**What you should do:** Report each line of the records below that holds the word "with".

**Records contained in a dataset:**
= Beginning of Section =
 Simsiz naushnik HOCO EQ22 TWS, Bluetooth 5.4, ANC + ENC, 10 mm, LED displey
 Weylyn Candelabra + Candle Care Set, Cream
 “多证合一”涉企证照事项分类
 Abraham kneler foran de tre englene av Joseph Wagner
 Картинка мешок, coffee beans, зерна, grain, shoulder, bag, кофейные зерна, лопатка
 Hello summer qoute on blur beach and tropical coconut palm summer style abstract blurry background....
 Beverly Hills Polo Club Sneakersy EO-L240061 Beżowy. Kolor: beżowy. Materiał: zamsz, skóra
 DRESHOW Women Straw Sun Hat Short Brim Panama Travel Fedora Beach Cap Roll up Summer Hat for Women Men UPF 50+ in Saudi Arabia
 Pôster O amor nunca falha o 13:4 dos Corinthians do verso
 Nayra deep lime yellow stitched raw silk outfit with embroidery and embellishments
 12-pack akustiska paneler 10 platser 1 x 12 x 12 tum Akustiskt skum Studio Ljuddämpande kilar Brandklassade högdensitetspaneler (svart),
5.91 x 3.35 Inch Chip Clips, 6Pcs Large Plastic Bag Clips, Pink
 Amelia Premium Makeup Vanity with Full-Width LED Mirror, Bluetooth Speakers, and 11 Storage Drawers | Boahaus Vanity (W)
= End of Section =
**Solution:**
 Nayra deep lime yellow stitched raw silk outfit with embroidery and embellishments
 Amelia Premium Makeup Vanity with Full-Width LED Mirror, Bluetooth Speakers, and 11 Storage Drawers | Boahaus Vanity (W)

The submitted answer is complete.